17. Hukuk Dairesi 2017/5597 E. , 2019/11006 K.
"İçtihat Metni"MAHKEMESİ :Asliye Hukuk Mahkemesi
Taraflar arasındaki trafik kazası nedeniyle maddi tazminat davası üzerine yapılan yargılama sonunda, kararda yazılı nedenlerle, davanın kısmen kabulüne ilişkin verilen hüküm, davacı vekili tarafından süresi içinde temyiz edilmekle, dosya incelendi, gereği düşünüldü:
-K A R A R-
Davacı vekili, davalıların işleteni, sürücüsü ve trafik sigortacısı olduğu aracın, davacı aracına çarpmasıyla oluşan kazada davacı aracının hasar gördüğünü, kaza nedeniyle araçta değer kaybı oluştuğunu, davacının kasko şirketi tarafından araç temin edilen 7 günden sonraki 13 günde aracından mahrum kaldığını belirterek fazlaya ilişkin hakları saklı kalmak kaydıyla 10.000,00 TL değer kaybı ile 500,00 TL araç mahrumiyeti zararının kaza tarihinden işleyecek yasal faiziyle birlikte davalılardan müteselsilen tahsilini talep etmiştir.
Davalılar vekilleri, davanın reddini savunmuştur.

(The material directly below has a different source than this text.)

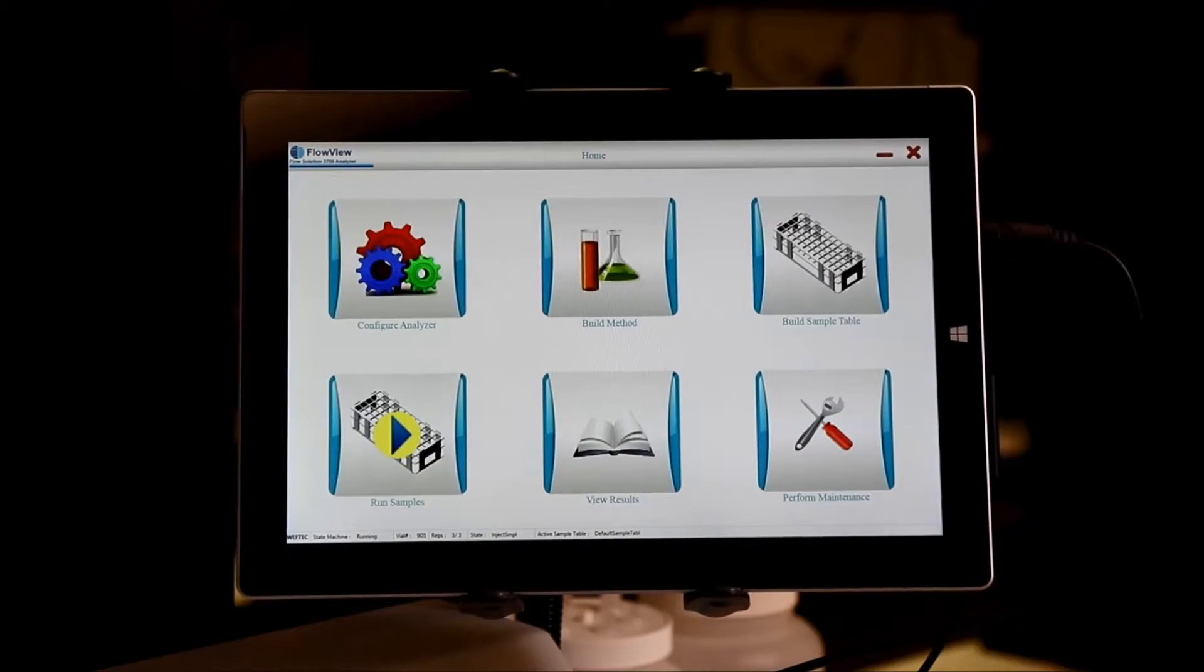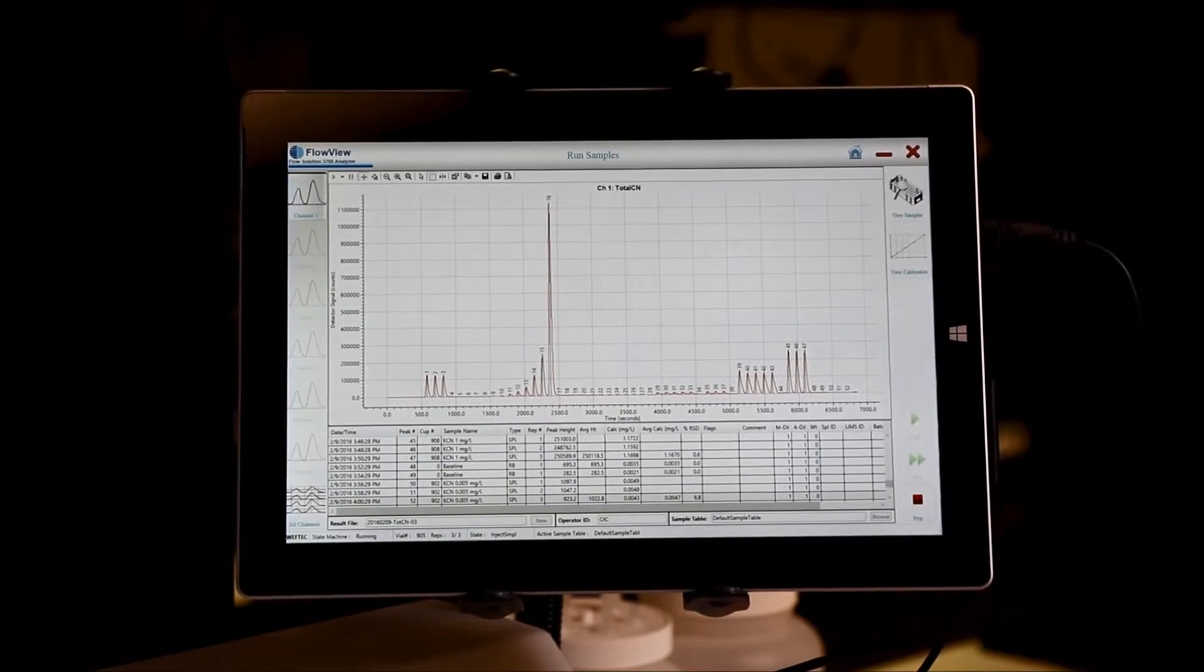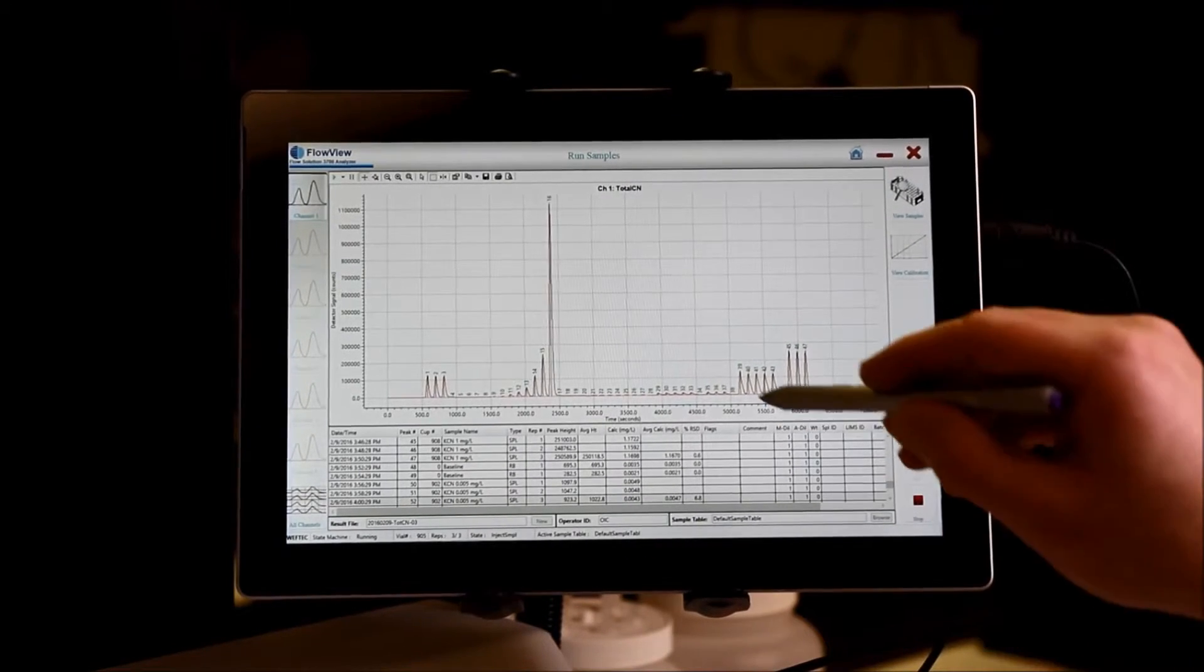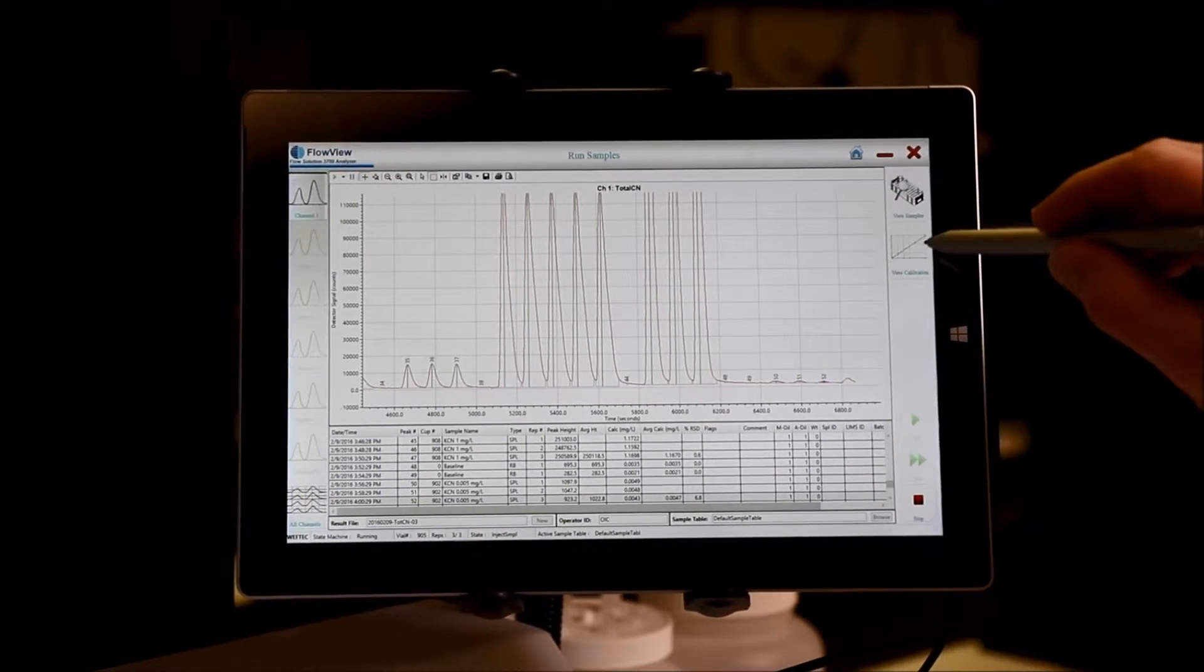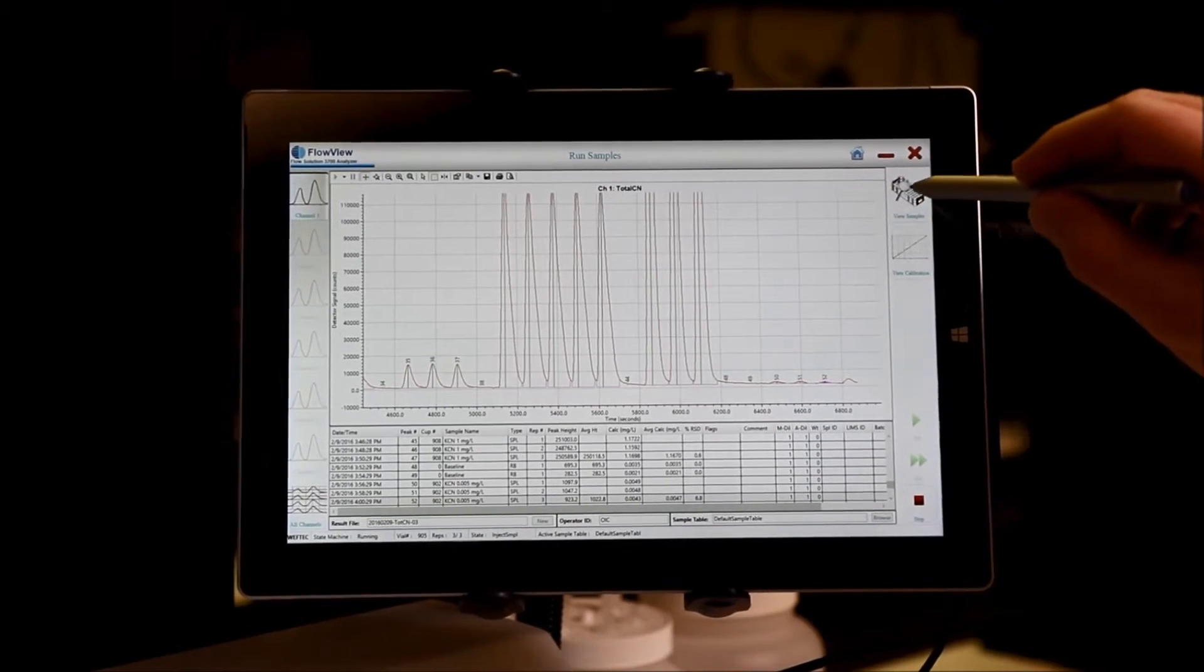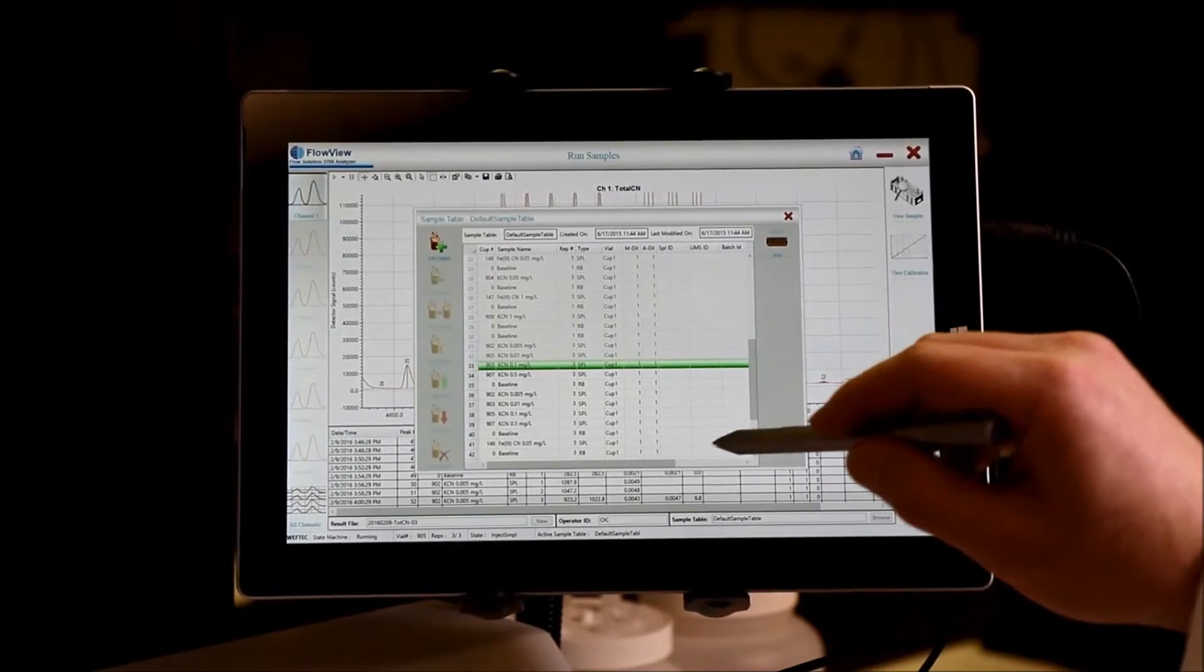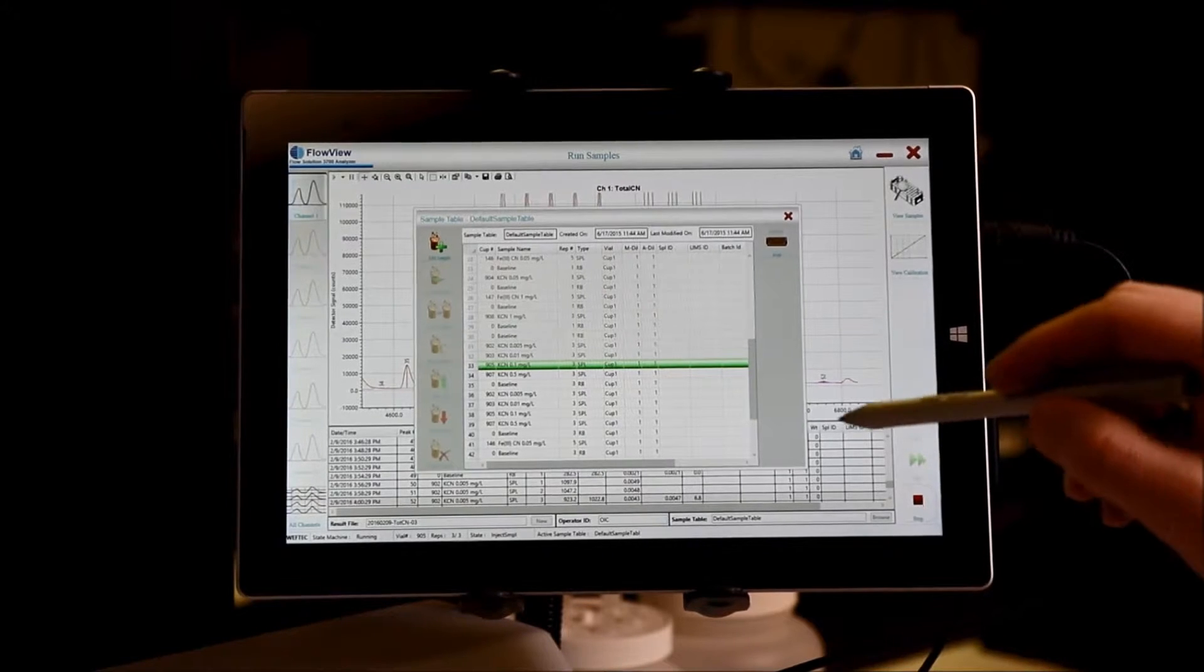The next button from the home screen is run samples. From the run samples screen, you can start a new run or, as I already have a run in progress, monitor the run as data is being collected. I can also view my calibration and add additional samples to the sequence as long as they've not been grayed out at this point.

Mahkemece, kararda yazılı gerekçelerle ve benimsenen bilirkişi raporuna göre; davanın kısmen kabulü ile 2.460,00 TL"nin kaza tarihinden işleyecek yasal faiziyle birlikte davalılardan müteselsilen tahsiline dair verilen hükmün, davacı vekili tarafından temyizi üzerine, Dairemizin 04.04.2016 tarih, 2015/17800 Esas ve 2016/4193 Karar sayılı ilamı ile "davacı vekilinin diğer temyiz itirazlarının yerinde görülmediği; ancak, mahkemece benimsenen 25.05.2015 tarihli ek bilirkişi raporu doğrultusunda 2.460,00 TL değer kaybı tazminatına hükmolunmuş ise de, mahkemenin hükme esas aldığı bilirkişi raporunda araç değer kaybı hesaplamasının doğru yapılmadığı; davacı aracının modeli, markası, kaza tarihindeki yaşı, kilometresi vs. gibi hususlar gözönünde bulundurularak kaza tarihi itibariyle serbest piyasadaki 2. el piyasa rayiç değeri (hasarsız haliyle) ile aracın hasarı onarıldıktan sonraki haline göre serbest piyasadaki 2. el piyasa değeri arasındaki fark (aradaki farkın değer kaybı olarak kabul edilmesi) hususlarında denetime elverişli bir rapor alınıp karar verilmesi gerekirken, yetersiz rapora göre karar verilmesinin hatalı olduğu; davaya konu edilen araç mahrumiyet bedeli talebi yönünden ise, davacı aracındaki hasarın niteliğine göre makul tamir süresi ve bu süre için ödenecek ikame araç bedelinin ne kadar olduğu konularında, uzman bilirkişiden rapor alınıp karar verilmesi gerekirken, eksik incelemeyle karar verilmesinin doğru görülmediği" gerekçesiyle karar bozulmuştur.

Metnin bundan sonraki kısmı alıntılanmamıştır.